This challenge by supervisors will occur during the PRISM engagement tasks. These engagement tasks will vary according to the impact category of the firm. High impact firms can expect to receive an inspection visit every quarter with each visit having a different focus – for example governance, business model, credit risk, operational risk, underwriting risk or liquidity risk. Some of these inspection visits will be tailored to the type of firm being examined – underwriting risk is classically important for an insurer whilst liquidity risk is invariably important for a bank.

Medium-high impact firms and select medium-low impact firms will receive regular full risk assessments which will look at a full spectrum of risks at a high level with in-depth analysis of key problem areas.

We will hold regular meetings with the senior management and directors of all high to medium-low impact firms to ensure that we have an up-to-date understanding of where the firms are going and what risks they face.

A key point is that a number of our engagement tasks or tools will be forward looking. We are determined to avoid those unfortunate accidents which tend to occur when trying to drive using only the rear view mirror. Stress tests explicitly model possible adverse future scenarios so that management and regulators are aware of what might happen to a firm were a plausible but severe macro-economic scenario to become reality. Understanding business models and strategic plans can help the regulator to understand how the firm is evolving, what the competitive threats to its key products are and how the firm’s risk profile is likely to evolve as the strategy is implemented.

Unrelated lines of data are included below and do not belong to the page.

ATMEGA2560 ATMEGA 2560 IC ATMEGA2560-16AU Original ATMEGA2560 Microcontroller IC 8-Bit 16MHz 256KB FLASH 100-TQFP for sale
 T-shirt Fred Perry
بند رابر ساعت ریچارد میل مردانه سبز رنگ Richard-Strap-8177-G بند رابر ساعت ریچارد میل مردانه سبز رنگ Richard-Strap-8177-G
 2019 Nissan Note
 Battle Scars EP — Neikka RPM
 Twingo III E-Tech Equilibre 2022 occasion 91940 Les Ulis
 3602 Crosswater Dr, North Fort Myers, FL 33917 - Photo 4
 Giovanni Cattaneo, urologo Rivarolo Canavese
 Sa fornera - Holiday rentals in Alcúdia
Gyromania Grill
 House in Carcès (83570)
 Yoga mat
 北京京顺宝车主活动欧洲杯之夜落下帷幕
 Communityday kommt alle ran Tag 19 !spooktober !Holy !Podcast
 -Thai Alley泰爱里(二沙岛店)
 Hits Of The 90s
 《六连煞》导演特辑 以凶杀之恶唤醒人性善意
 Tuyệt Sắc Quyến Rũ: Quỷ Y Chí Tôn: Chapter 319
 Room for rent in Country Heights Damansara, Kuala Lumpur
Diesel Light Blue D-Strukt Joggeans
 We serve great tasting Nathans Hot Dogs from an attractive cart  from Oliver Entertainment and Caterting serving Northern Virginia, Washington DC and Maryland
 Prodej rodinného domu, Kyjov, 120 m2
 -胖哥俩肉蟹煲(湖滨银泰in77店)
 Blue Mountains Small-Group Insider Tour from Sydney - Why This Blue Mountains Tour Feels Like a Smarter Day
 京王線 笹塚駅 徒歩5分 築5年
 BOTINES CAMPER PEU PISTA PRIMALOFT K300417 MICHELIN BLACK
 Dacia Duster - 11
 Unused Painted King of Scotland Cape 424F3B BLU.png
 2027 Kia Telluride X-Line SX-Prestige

Finally, the focus we are putting on corporate governance is important. The structure of your board and board committees does not, of course, help predict the future. But the calibre, skills and experience of key members of the leadership team will provide us with some assurance that in this important area skilled managers within the firm and non-executives directors are actively digesting issues, challenging one another and continually assessing the business model as the firms make key decisions, react to events and plan future growth.

Judging

Engaging with and challenging firms to acquire information only gets you so far as a regulator. Having challenged firms and acquired the data - both quantitative and qualitative - the PRISM application provides the supervisor with a structured way to assess credit risk, market risk, operational risk, insurance risk, liquidity risk, capital risk, governance risk, business model risk, environmental risk and conduct risk. Every supervisor will - assisted by general and sector specific guidance - be asked to make structured judgements as to how probable it is that a risk at a firm will cause that firm to fail. They will all make judgements using the same qualitative risk scale against the same probability risk categories I have just listed. Our supervisors will make systematic judgements on different risk categories to build up an overall risk profile of the firm. The PRISM system will guide each supervisor but it will not tell them the answers.

The PRISM application contains a lot of quantitative data, drawn from the financial returns which regulated firms submit to us. This data is analysed by PRISM to provide supervisors with a set of key risk indicators and standardised peer group comparators to help them make appropriate judgements. The application will even send the supervisor an alert when new data is submitted which appears to indicate that something significant has changed at a firm. Nevertheless, the system will merely assist the supervisor – it isn’t a black box. Instead, what we have built helps the supervisor work the answer out for him or herself.

We have built a system which helps, encourages and trusts supervisors to do good-quality analysis of the risks a firm faces. We have also put in place a number of quality control mechanisms internally - to help ensure that we make the right risk judgements.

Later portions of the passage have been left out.